Steady 2Q; volume and margins likely to recover as demand from the SME segment improves

* TCI Express (TCIE)’s 2QFY26 revenue was flat YoY at INR3.08b (+8% QoQ), in line with our estimate. Volume growth was flat YoY, hit by the GST rate cut.

* EBITDA stood at INR354m (-4% YoY/+26% QoQ), 6% above our estimate. EBITDA margin came in at 11.5% in 2QFY26 vs. our estimate of 10.6%.

* APAT stood flat YoY at INR252m (+29% QoQ) vs. our estimate of INR237m.

* During 1HFY26, its revenue/EBITDA/APAT dipped 2%/9%/6% YoY.
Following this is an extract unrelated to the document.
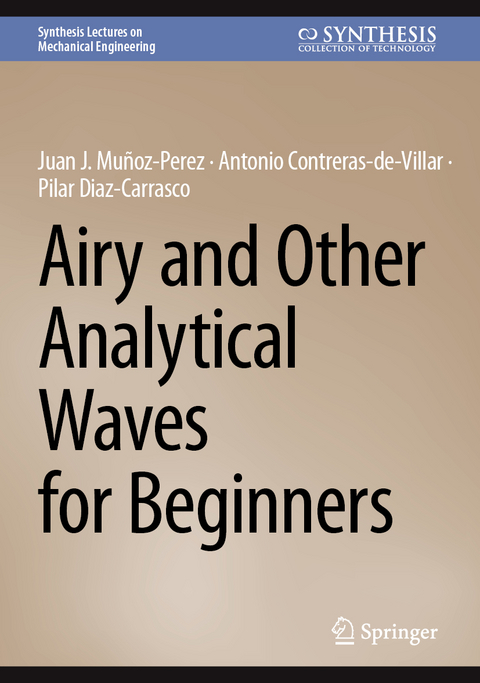 Airy and Other Analytical Waves for Beginners - Juan J. Muñoz-Perez, Antonio Contreras-de-Villar, Pilar Diaz-Carrasco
* Management expects the volume growth to improve hereon, supported by the improvement in demand from the SME segment. TCIE projects 8% tonnage and 10% revenue growth in FY26. EBITDA margin could expand hereon through cost optimization, automation benefits, and price increases. It targets more than a 12% EBITDA margin in the next two quarters.

* In 2QFY26, the volume growth was flat YoY as demand paused with the announcement of the GST rate cut. Volume growth could have otherwise been higher by 2-3% in this quarter. The company has been witnessing healthy volumes in the months of Oct and Nov’25, aided by spillover from the festive season and improvement in demand from the SME segment.
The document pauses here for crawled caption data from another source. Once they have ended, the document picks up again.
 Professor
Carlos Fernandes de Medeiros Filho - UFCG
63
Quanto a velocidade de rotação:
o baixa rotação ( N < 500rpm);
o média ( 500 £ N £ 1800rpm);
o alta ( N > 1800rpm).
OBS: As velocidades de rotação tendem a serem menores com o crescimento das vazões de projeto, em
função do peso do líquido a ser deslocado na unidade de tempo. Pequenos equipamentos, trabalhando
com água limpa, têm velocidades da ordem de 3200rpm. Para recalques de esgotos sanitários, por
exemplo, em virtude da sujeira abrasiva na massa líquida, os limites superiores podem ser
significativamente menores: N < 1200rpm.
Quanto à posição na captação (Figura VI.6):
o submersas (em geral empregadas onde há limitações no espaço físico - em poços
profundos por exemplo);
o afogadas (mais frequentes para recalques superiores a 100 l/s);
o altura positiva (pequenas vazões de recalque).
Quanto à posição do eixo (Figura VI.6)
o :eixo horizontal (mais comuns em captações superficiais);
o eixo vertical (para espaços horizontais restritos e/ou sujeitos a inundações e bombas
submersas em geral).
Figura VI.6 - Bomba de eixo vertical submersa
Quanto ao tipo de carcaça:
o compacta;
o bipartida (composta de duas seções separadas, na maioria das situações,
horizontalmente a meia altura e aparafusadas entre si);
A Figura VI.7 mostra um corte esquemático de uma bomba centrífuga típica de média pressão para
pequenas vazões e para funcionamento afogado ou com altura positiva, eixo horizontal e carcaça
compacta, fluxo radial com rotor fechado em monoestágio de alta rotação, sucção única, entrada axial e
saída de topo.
* We retain our estimates for FY26 and FY27 and roll forward our valuation to FY28. Hence, we expect TCIE to clock an 8%/9%/16% volume/revenue/EBITDA CAGR over FY25-28. We reiterate our Neutral rating with a TP of INR720 (based on 20x FY28 EPS).

 

Key highlights from the management commentary

* TCIE’s 2QFY26 volume stood at 0.25m tons (flat YoY). Capacity utilization during 2QFY26 remained steady at 83%.

* The GST rate cut-related demand pause impacted volume growth by ~2–3% during the quarter. However, strong festive-season demand across categories supported volumes. Moreover, the company is witnessing healthy volumes in October and November, aided by festive spillover and improving demand from the SME segment.

* TCIE shifted its Mumbai sorting center to a new sorting center, enhancing processing capacity by 3 times and enabling faster, cost-efficient operations. Further, 10 new branches under Surface Express and 25 under Rail were added.

* Tonnage growth in FY26 is expected at 8%. Revenue growth is projected at 10%, supported by price hikes, network expansion, and growing multimodal contribution.

* EBITDA margin is expected to improve through cost optimization, higher automation benefits, and price increases, targeting more than 12% EBITDA margin over the next two quarters.

 

Valuation and view

* TCIE’s 2QFY26 was broadly in line. We believe the volume growth is set to improve ahead with demand improving from the SME segment and GST rate cut benefits flowing through.

* We maintain our estimates for FY26 and FY27 and roll forward our valuation to FY28. Accordingly, we expect TCIE to clock an 8%/9%/16% volume/revenue/ EBITDA CAGR over FY25-28. We reiterate our Neutral rating with a TP of INR720 (based on 20x FY28 EPS).